DATA below:

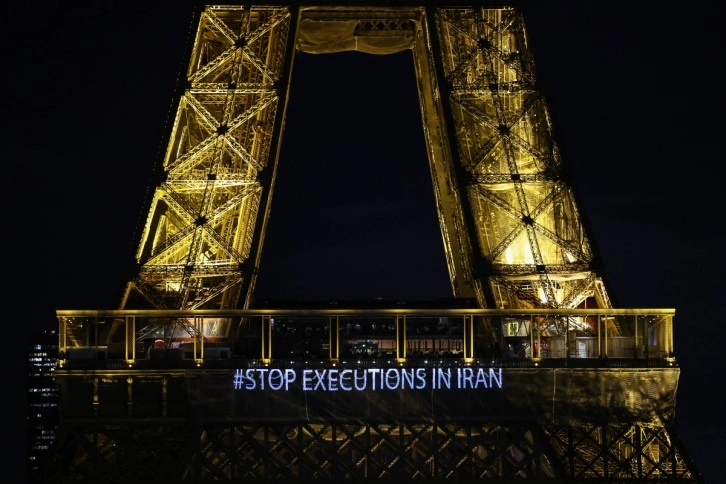 Eyfel Kulesi’ne 'İran'da idamları durdurun' çarpıcı sözleri yansıtıldı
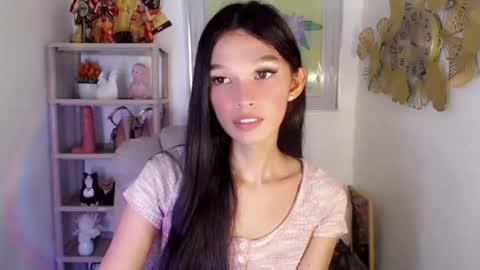 sassynrich online show from August 7, 5:46 pm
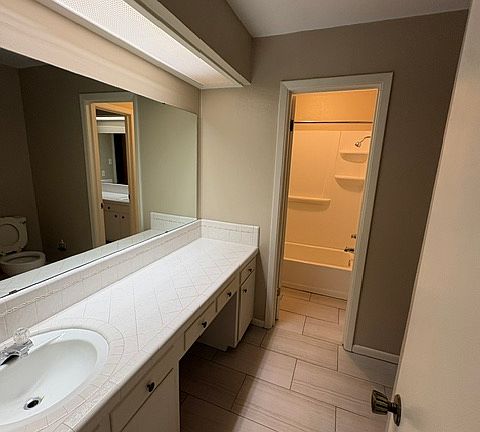 3rd image of 1502 Fairoaks Dr APT 1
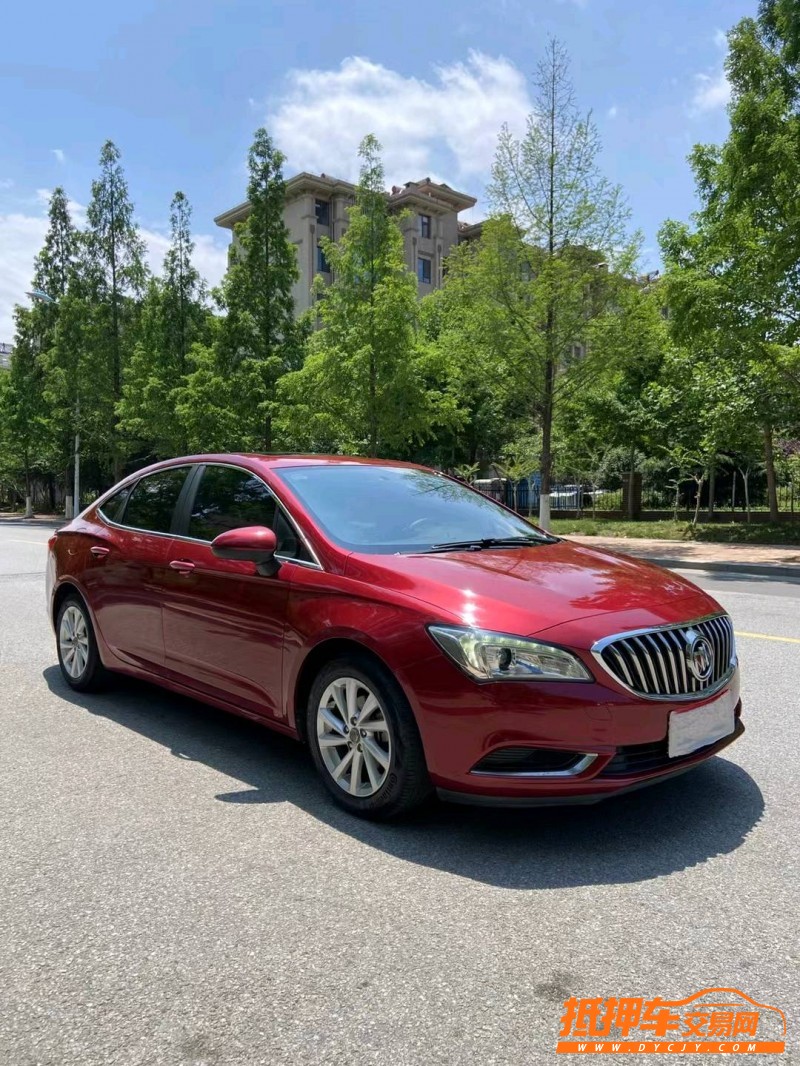 青岛16年别克威朗3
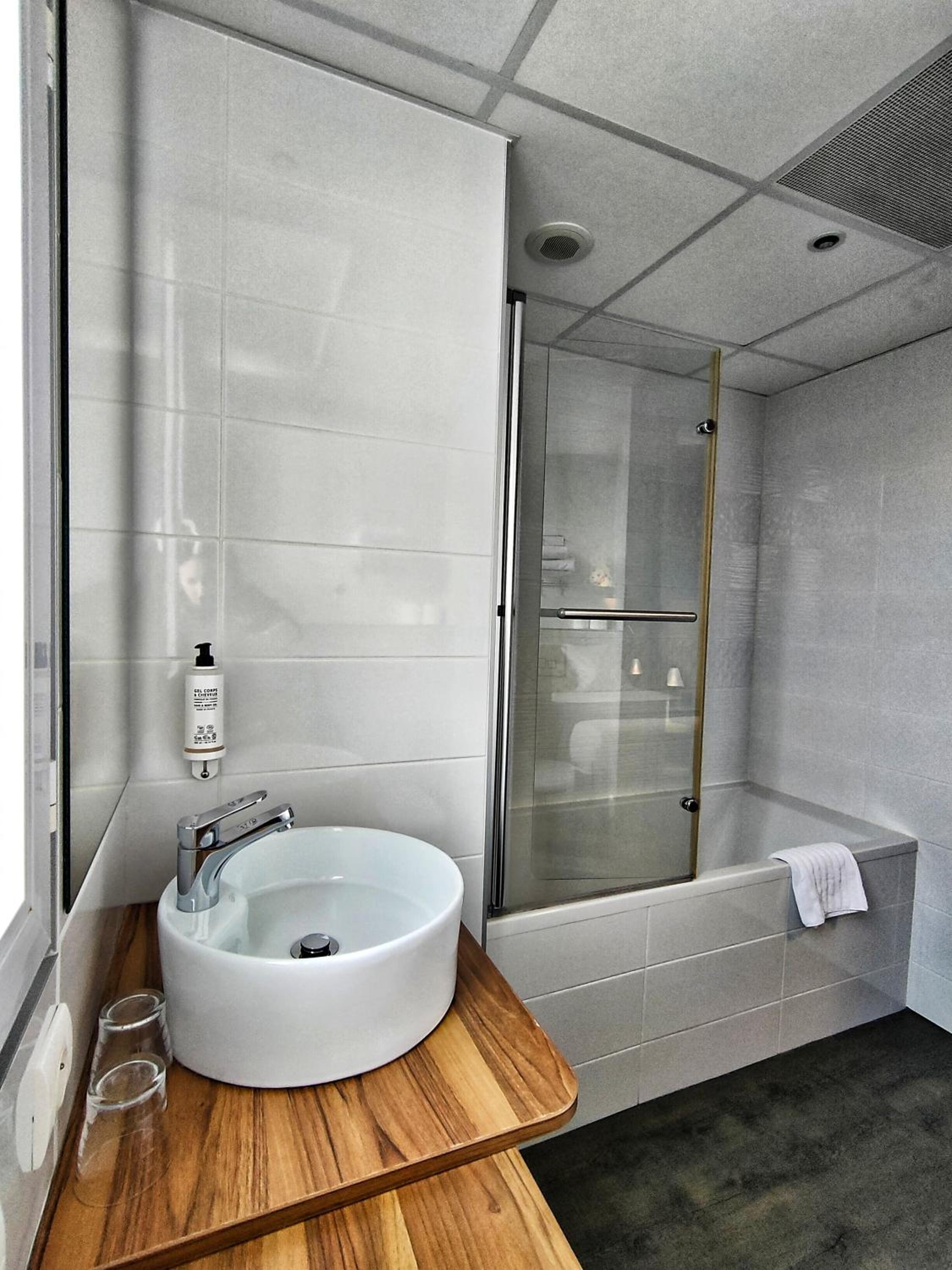 Comfort Queen Room photo 2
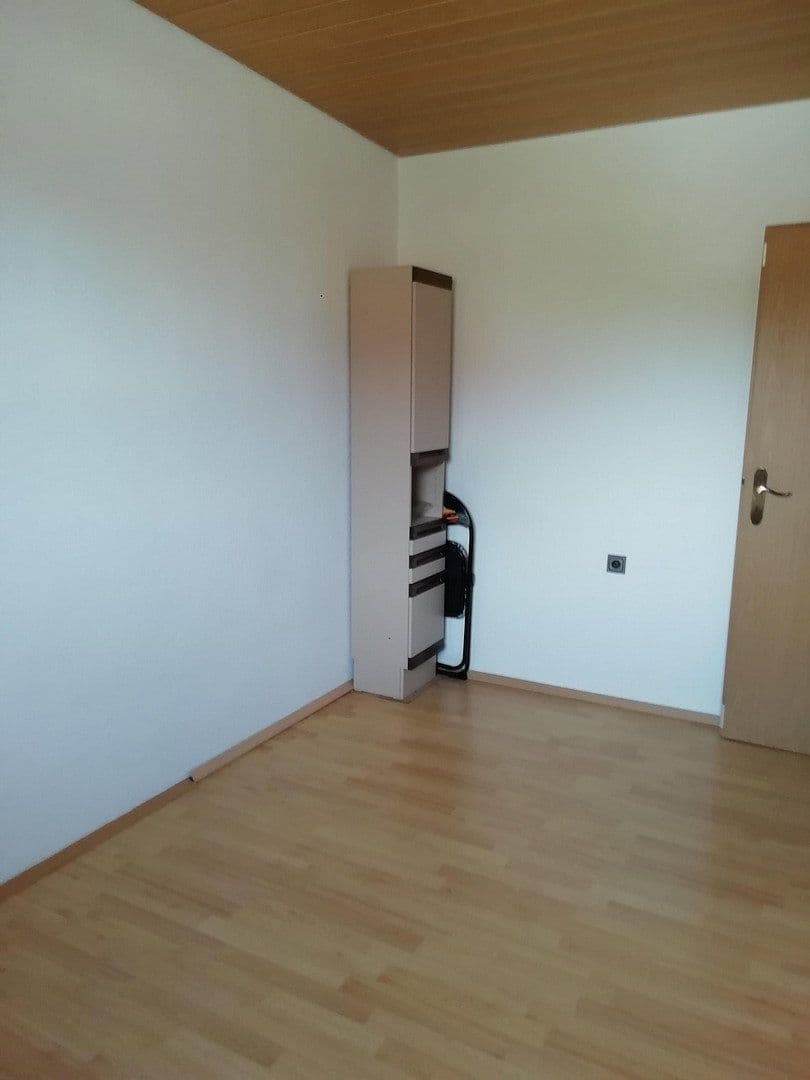 Predaj bytu 3-izbový 72 m², Reutlingen, Bádensko-Wurttembersko Predaj bytu 3-izbový 72 m², Reutlingen, Bádensko-Wurttembersko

End of DATA.

Leave the pictures out, then output exactly the lines from the "sassynrich online show" line through the end of the records above, and no others.

 sassynrich online show from August 7, 5:46 pm
 3rd image of 1502 Fairoaks Dr APT 1
 青岛16年别克威朗3
 Comfort Queen Room photo 2
 Predaj bytu 3-izbový 72 m², Reutlingen, Bádensko-Wurttembersko Predaj bytu 3-izbový 72 m², Reutlingen, Bádensko-Wurttembersko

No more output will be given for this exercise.